> **WORK INSTRUCTIONS**:
Every line of the material below needs to be copied exactly; omit the pictures.

> **AVAILABLE DATA**:
━━━━━━━━━━━━━━━━
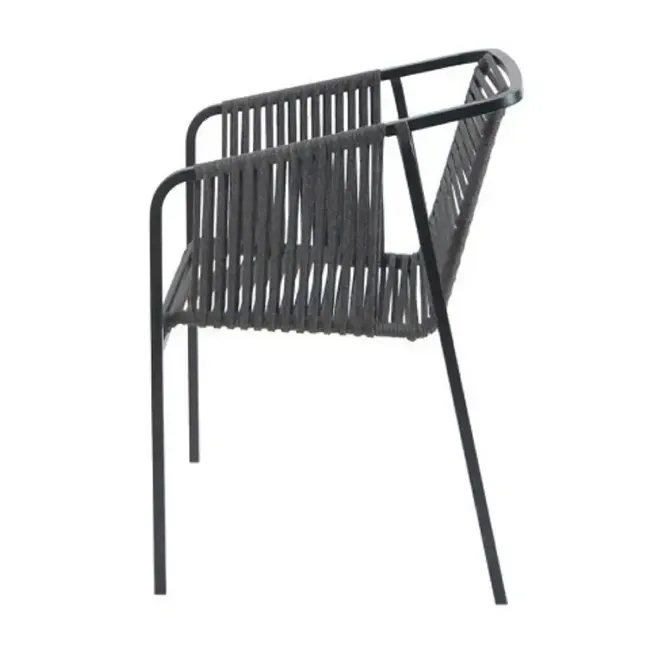 Dune rope chair, durable metal and rope seating for cafes and hotels
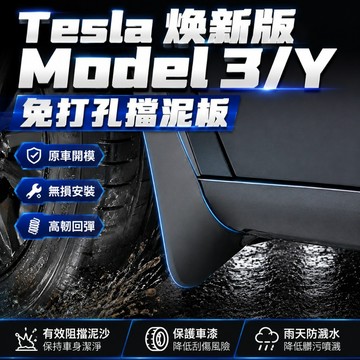 【現貨】Tesal 免打孔擋泥板 煥新版 ModelY/3/YL 前後輪泥沙擋泥板 TPE材質 隱藏式擋泥板 配件 預售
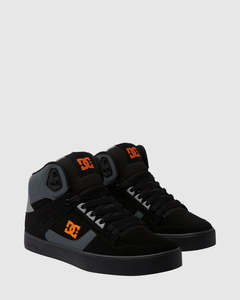 Dc Shoes: DC SHOES Pure High Top Shoe Black/Orange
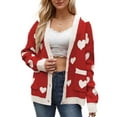 thumbnail image 1 of Valentine's Day Cardigans for Women Cute Heart Printed V-Neck Button Down Cardigan Sweaters with Pockets Shermie, 1 of 5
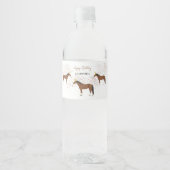 Paardenpartende landbouwhuisdieren op zaterdag waterfles etiket (Voorkant)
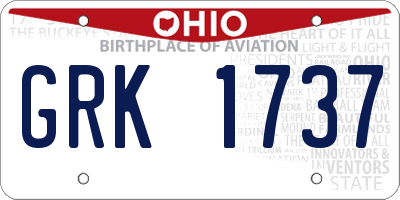 OH license plate GRK1737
━━━━━━━━━━━━━━━━
> **WRITTEN ANSWER**:
 Dune rope chair, durable metal and rope seating for cafes and hotels
 【現貨】Tesal 免打孔擋泥板 煥新版 ModelY/3/YL 前後輪泥沙擋泥板 TPE材質 隱藏式擋泥板 配件 預售
 Dc Shoes: DC SHOES Pure High Top Shoe Black/Orange
 thumbnail image 1 of Valentine's Day Cardigans for Women Cute Heart Printed V-Neck Button Down Cardigan Sweaters with Pockets Shermie, 1 of 5
 Paardenpartende landbouwhuisdieren op zaterdag waterfles etiket (Voorkant)
 OH license plate GRK1737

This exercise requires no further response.